▸ **What is expected**
Only one span of the material below is wanted. Output it exactly, from the line with "Bard Red Rubber" through the line with "50pcs Adjustable Drip", without any pictures.

*** Opening Dataset excerpts ***

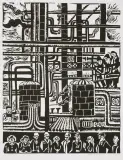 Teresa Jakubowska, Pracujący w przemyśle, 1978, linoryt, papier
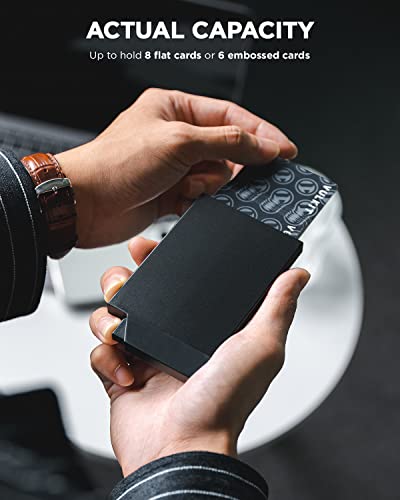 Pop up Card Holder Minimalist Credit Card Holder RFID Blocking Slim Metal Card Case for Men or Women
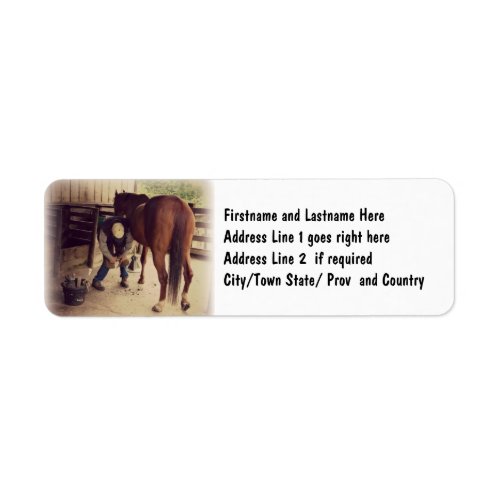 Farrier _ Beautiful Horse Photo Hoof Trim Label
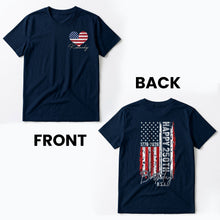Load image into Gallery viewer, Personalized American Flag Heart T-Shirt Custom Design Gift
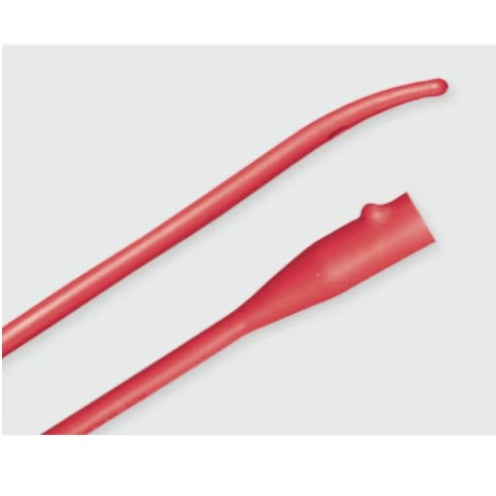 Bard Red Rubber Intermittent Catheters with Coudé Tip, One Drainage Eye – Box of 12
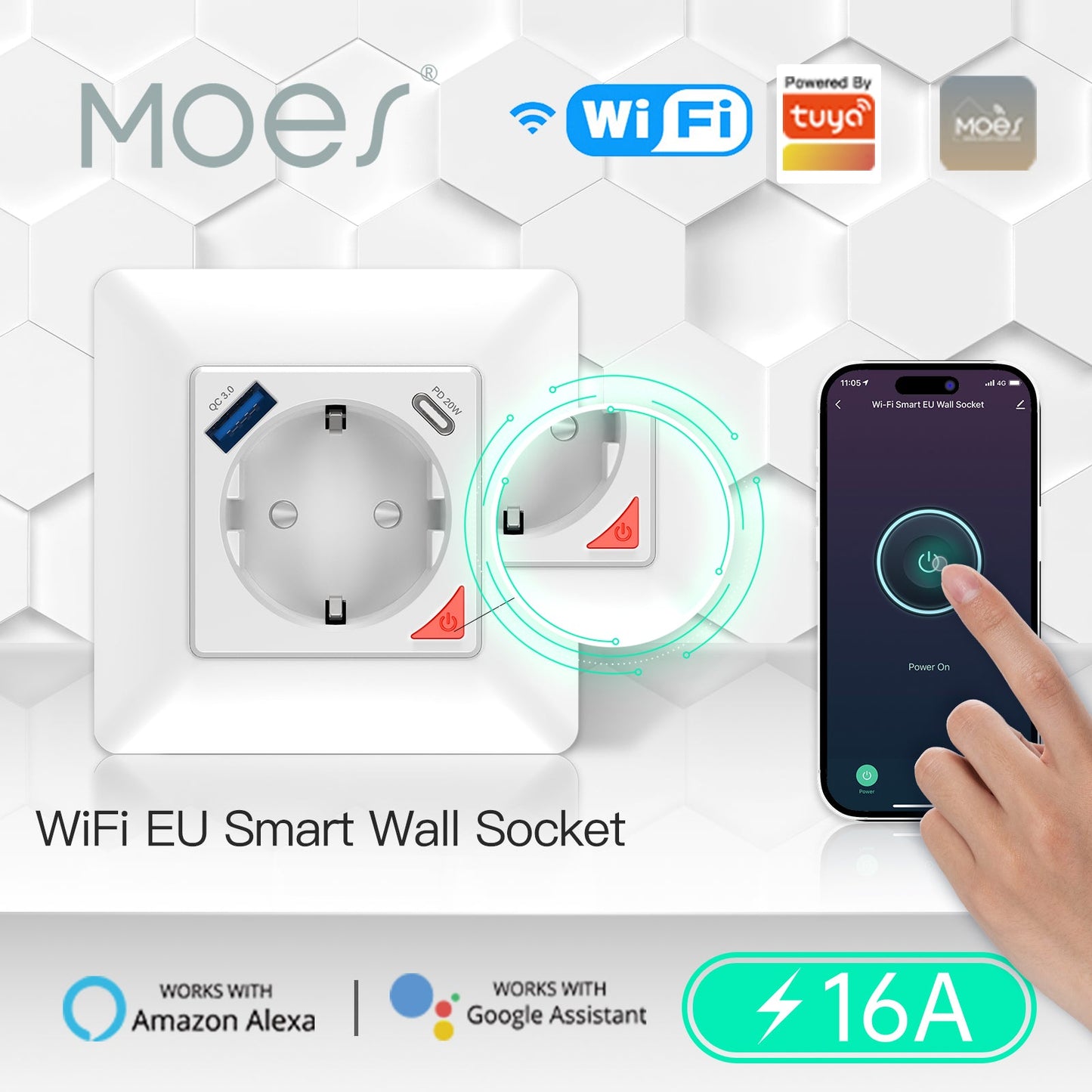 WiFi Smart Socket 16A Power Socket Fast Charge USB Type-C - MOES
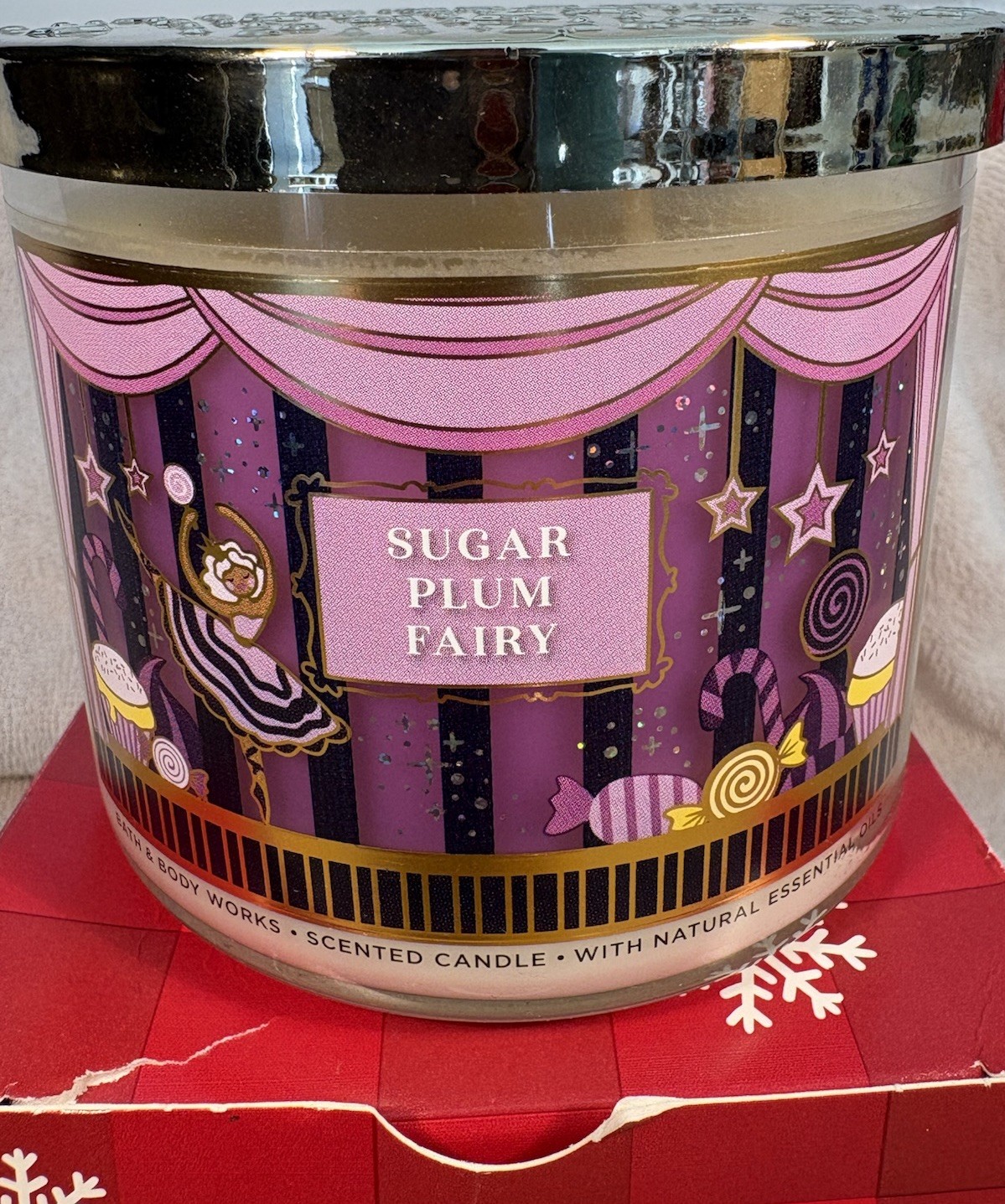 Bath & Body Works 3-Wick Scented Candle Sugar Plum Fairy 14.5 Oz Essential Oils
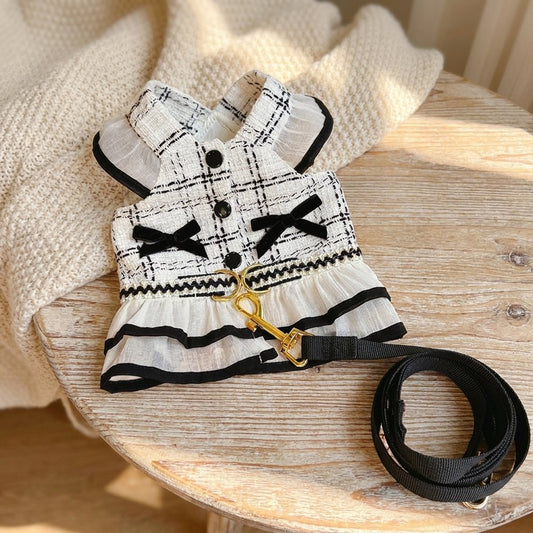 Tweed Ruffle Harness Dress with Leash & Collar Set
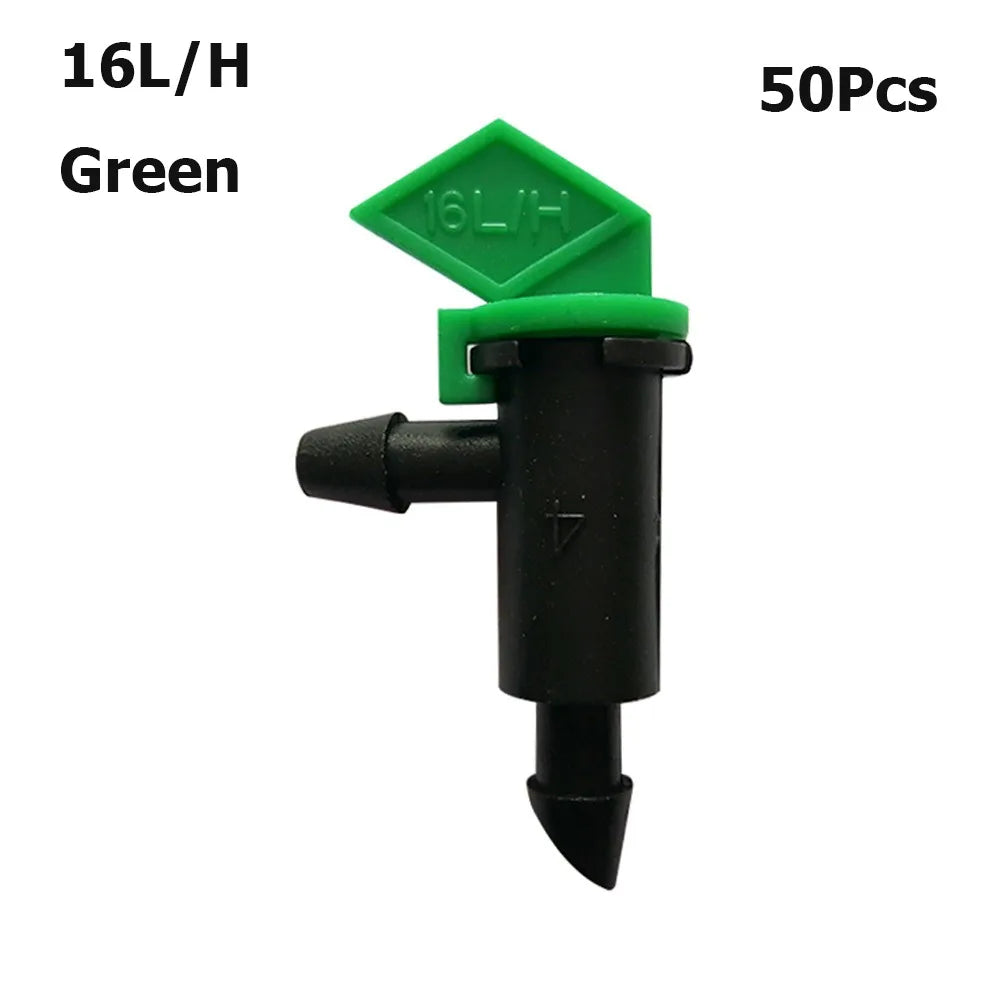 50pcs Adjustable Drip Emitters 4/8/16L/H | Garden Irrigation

*** Closing Dataset excerpts ***
*** Opening Dataset excerpts ***

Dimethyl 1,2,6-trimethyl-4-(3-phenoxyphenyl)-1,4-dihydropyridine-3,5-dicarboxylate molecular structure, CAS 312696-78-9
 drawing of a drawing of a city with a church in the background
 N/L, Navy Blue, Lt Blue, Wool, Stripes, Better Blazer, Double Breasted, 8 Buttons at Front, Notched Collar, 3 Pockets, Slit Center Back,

*** Closing Dataset excerpts ***
*** Opening Dataset excerpts ***

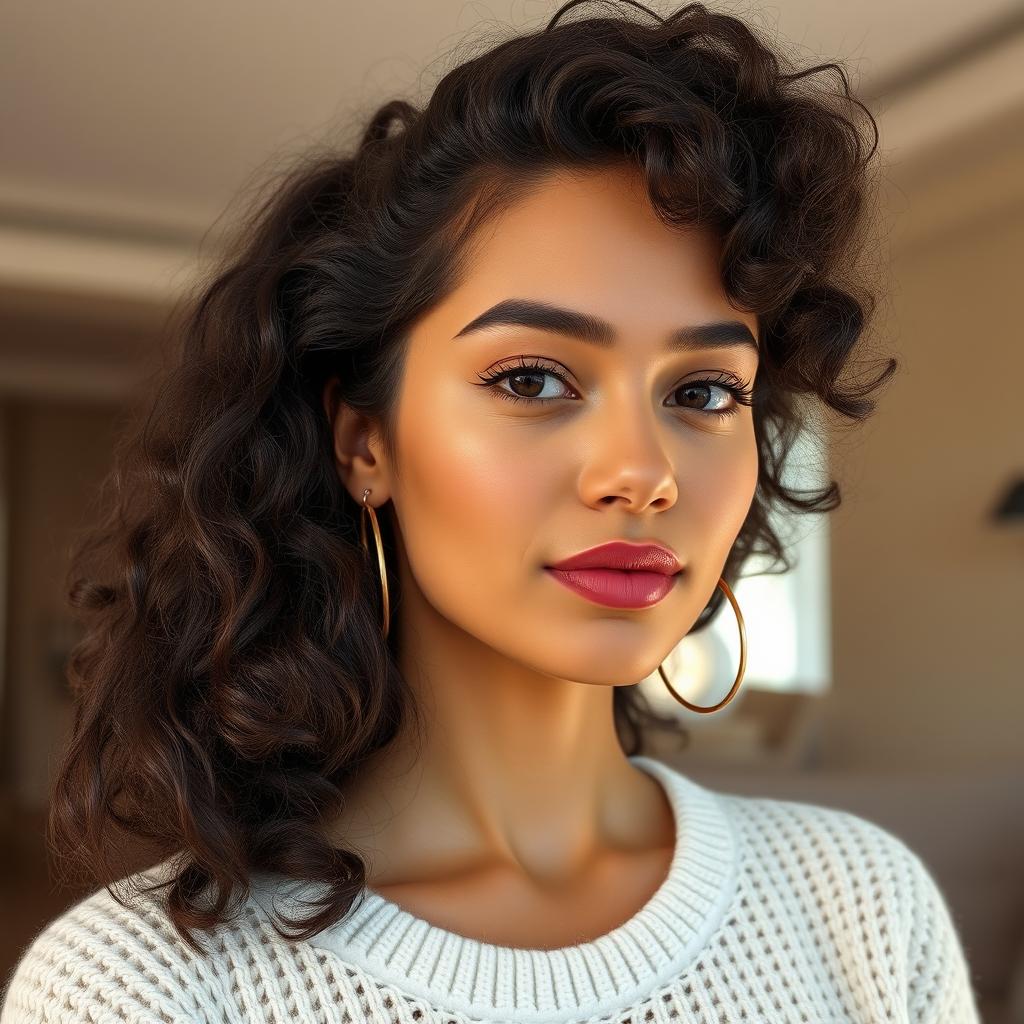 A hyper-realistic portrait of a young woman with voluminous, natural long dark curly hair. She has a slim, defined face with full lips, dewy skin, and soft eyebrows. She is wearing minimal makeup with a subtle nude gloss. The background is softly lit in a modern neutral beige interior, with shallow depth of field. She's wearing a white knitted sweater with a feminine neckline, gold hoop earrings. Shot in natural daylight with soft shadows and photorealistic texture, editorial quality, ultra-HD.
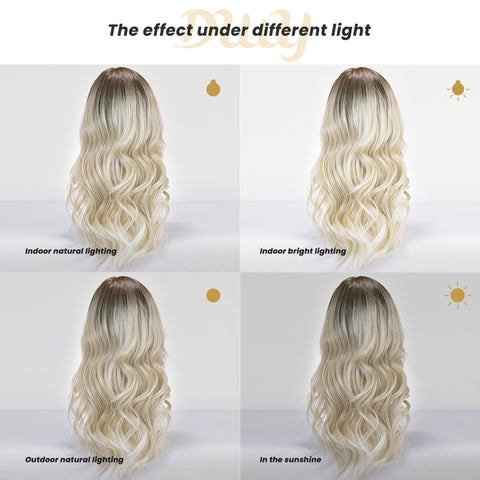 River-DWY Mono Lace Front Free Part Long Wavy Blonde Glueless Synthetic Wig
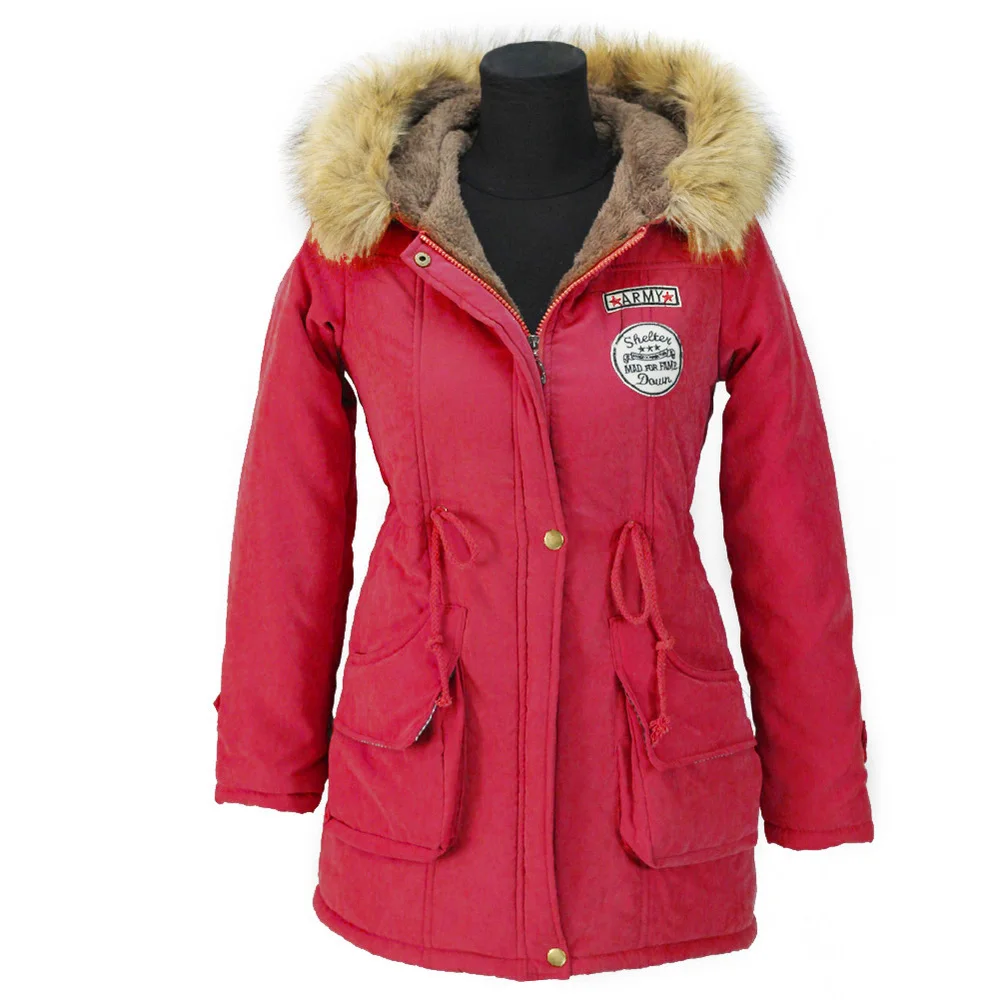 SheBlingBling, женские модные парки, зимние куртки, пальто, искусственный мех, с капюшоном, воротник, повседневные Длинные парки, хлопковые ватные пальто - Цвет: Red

*** Closing Dataset excerpts ***

▸ **Answer to the exercise**
 Bard Red Rubber Intermittent Catheters with Coudé Tip, One Drainage Eye – Box of 12
 WiFi Smart Socket 16A Power Socket Fast Charge USB Type-C - MOES
 Bath & Body Works 3-Wick Scented Candle Sugar Plum Fairy 14.5 Oz Essential Oils
 Tweed Ruffle Harness Dress with Leash & Collar Set
 50pcs Adjustable Drip Emitters 4/8/16L/H | Garden Irrigation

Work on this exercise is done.